Sementara Ketua Bawaslu Lamsel Hendra Fauzi mengatakan memang ada proses di Bawaslu yang menangani masalah itu yakni Perbawaslu No 2 Tahun 2020 tentang sengketa proses pemilu. “Pengajuannya paling lambat 3 hari setelah penetapan dari KPU , Nanti kita liat pendapat dari penggugat dan tergugat,” katanya.
Ditambahkannya untuk keputusan dari gugatan itu ada waktu 14 hari setelah pihaknya mengkaji dan meminta pendapat ahli. “Nanti kita kaji dan dengarkan pendapat ahli baru kemudian kita putuskan,” katanya.
KPU Kurang Cermat Membaca Bunyi Hukum
Praktisi hukum Ahmad Handoko menilai Komisi Pemilihan Umum (KPU) Lampung Selatankurang memahami tafsir hukum secara komprehensip. Karena hanya membaca pasal tapi tidak memahami makna dan maksud bunyi Pasal yang menjadi alasan landasan hukum.
Yaitu undang undang Nomor 10 tahun 2016 tentang perubahan kedua atas Undang undang Nomor 1 tahun 2015 tentang penetapan peraturan pemerintah pengganti Undang undang nomor 1 tahun 2014 tentang pemilihan gubernur, Bupati dan Walikota Bab III Persyaratan calon pada pasal 7 ayat 2 poin g.
“KPU kurang memahami tafsir hukum secara komprehensip,mereka hanya membaca pasal tapi tidak memahami makna dan maksud bunyi Pasal diatas. Hal ini sangat fatal,” kata Ahmad Handoko menanggapi tidak diretapkannya pasangan Hipni dan Melin Haryani Wijaya sebagai calon Bupati dan Wakil Bupati Lampung Selatan, untuk maju pemilihan kepala daerah (Pilkada) Lampung Selatan pada 9 Desember 2020 karena tidak memenuhi syarat sebagai calon.
Menurut Ahmad Handoko, bahwa untuk kasus Posisi Hj. Melin Haryani Wijaya dapat dilihat beberapa dasar hukum yang relefan dipakai yatu Putusan MK Nomor 56/PUU-XVII/2019. Lalu Pasal 7 ayat (2) huruf g Undang-Undang Nomor 10 Tahun 2016 tentang Perubahan Kedua Atas Undang-Undang Nomor 1 Tahun 2015 tentang Penetapan Peraturan Pemerintah Pengganti Undang-Undang Nomor 1 Tahun 2014 tentang Pemilihan Gubernur, Bupati, Dan Walikota Menjadi Undang-Undang.
Kemudian Peraturan KPU Nomor 1 Tahun 2020, bahkan bahwa berdasarkan PKPU Nomor 1 Tahun 2020 huruf (F) mengatur tetang calon tidak pernah sebagai terpidana berdasarkan putusan pengadilan yang berkekuatan hukum tetap karena melakukan tindak pidana yang diancam dengan pidana penjara 5 (lima) tahun atau lebih, kecuali terhadap terpidana yang melakukan tindak pidana kealpaan dan tindak pidana politik.

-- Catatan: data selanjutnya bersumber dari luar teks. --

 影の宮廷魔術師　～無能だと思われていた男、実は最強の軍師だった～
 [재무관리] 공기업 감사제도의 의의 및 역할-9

“Dalam pengertian suatu perbuatan yang dinyatakan sebagai tindak pidana dalam hukum positif hanya karena pelakunya mempunyai pandangan politik yang berbeda dengan rezim yang sedang berkuasa. Bahwa didalam PKPU aquo tidak menjelaskan menganai diperbolehkan bagi terpidana yang telah menjalani hukuman setelah 5 tahun,” katanya.
Bahwa PKPU adalah peraturan teknis yang dibuat oleh KPU berdasar Pada Undang-undang yang berlaku incasu Undang-Undang Nomor 10 Tahun 2016 tentang Perubahan Kedua Atas Undang-Undang Nomor 1 Tahun 2015 tentang Penetapan Peraturan Pemerintah Pengganti Undang-Undang Nomor 1 Tahun 2014 tentang Pemilihan Gubernur, Bupati, Dan Walikota Menjadi Undang-Undang Pasal 7 ayat 2 huruf (g).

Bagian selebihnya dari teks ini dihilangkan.